When Veeam Software announced this week that it was expanding beyond VMware to offer support for Microsoft Hyper-V, the data protection firm doubled down on its commitment to become the leading provider of disaster recovery and management solutions for virtual data centers.
Virtualization backup and management firm Veeam Software this week took steps to double down on its commitment to become the leading provider of disaster recovery and management solutions for virtual data centers.
“Veeam’s view is that most organizations will virtualize close to 100 percent of their servers within the next few years, so the company has concentrated on creating the best backup and recovery solution possible for virtual environments,” Carrie Reber, vice president of marketing at Veeam told ServerWatch.
Veeam, founded in 2006, has built its name as a leading provider of virtualization backup and management technology for VMware (NYSE: VMW) environments. Indeed, the company now says that more than 150,000 VMware professionals around the world are using its FastSCP, a free tool for ESX file management.
Veeam recently announced the general availability of version 5.0 of its Backup and Recovery product, a product driven by the vPower technology it debuted in 2010. Veeam boasts that vPower, which it developed in-house, can provide instant recovery of a complete virtual machine from its backup while IT works on the issue that caused the problem. The central innovation of vPower is the capacity to run virtual machines in production or in a test environment from either standard backup storage or a compressed and deduplicated backup file, Reber explained.
“On the backup side, while server virtualization has become widely adopted in data centers worldwide, many organizations are still using previous-generation software designed for traditional x86 physical servers to back up data on virtual machines,” she said.
“Traditional backup software for physical servers requires an average of four to five hours of downtime to complete a backup, and often much more, and the backups don’t always restore reliably. What’s more, the old software is not only ineffective and unreliable in a virtual environment, but also wastes the opportunity to take advantage of the new possibilities that virtualization presents.”

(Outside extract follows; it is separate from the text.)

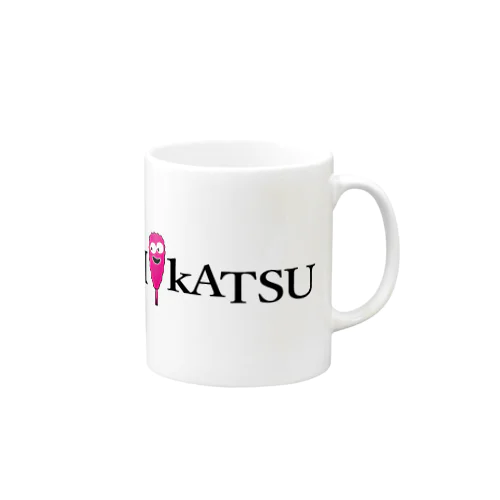 kushikatsuグッズ Mug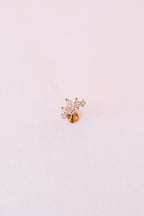 Tiara Flat Back Stud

From the management perspective, Veeam backs a product called Veeam ONE, which offers reporting and monitoring tools for VMware environments. With Veeam ONE, users can manage VMware and physical environments through either Microsoft System Center or HP Operations Manager in a unified console. Veeam expanded its product portfolio to couple VMware and Microsoft (NASDAQ: MSFT) and HP enterprise management tools with the 2008 acquisition of nworks.
Now, Veeam is taking a big step beyond VMware with the inclusion of Windows Server Hyper-V and Microsoft Hyper-V Server in its Backup and Replication product. Veeam is demonstrating the new Hyper-V support this week at Microsoft’s TechEd conference in Atlanta. It plans to make it generally available in fourth quarter 2011.

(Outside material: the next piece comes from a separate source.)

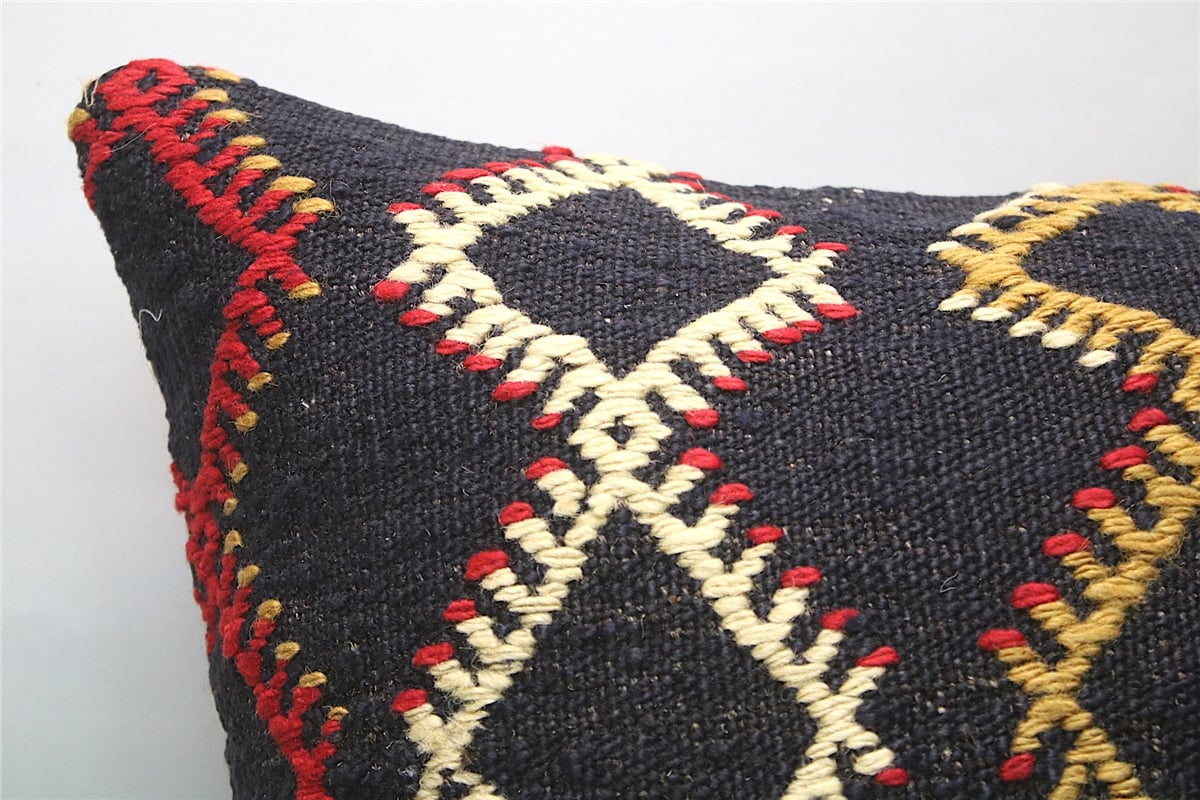 20x20 inches (50x50 cm) Kilim Pillow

For a company that built its name on VMware support, bringing Hyper-V into the fold represents not only the conviction that momentum for virtualization will continue to build, but also that the enterprise market is diversifying.
“Multi-hypervisor environments are quickly becoming the norm, not the exception, and that poses serious management challenges to IT organizations,” Ashish Nadkarni, a senior analyst and consultant at Taneja Group, said in a statement. “IT managers need to select virtualization management solutions, including backup and replication solutions, that can work with more than one hypervisor.”
Veeam founders Ratmir Timashev and Andrei Baronov first partnered up with the 1997 founding of Aelita Software, a firm specializing in Windows Server systems management software. In 2004, Qwest Software snapped up Aelita, which ultimately sent Timashev and Baronov looking for a new venture, and they settled on virtualization. Veeam, with North American headquarters in Columbus, Ohio, has a management team that includes many veterans of Aelita, Reber said.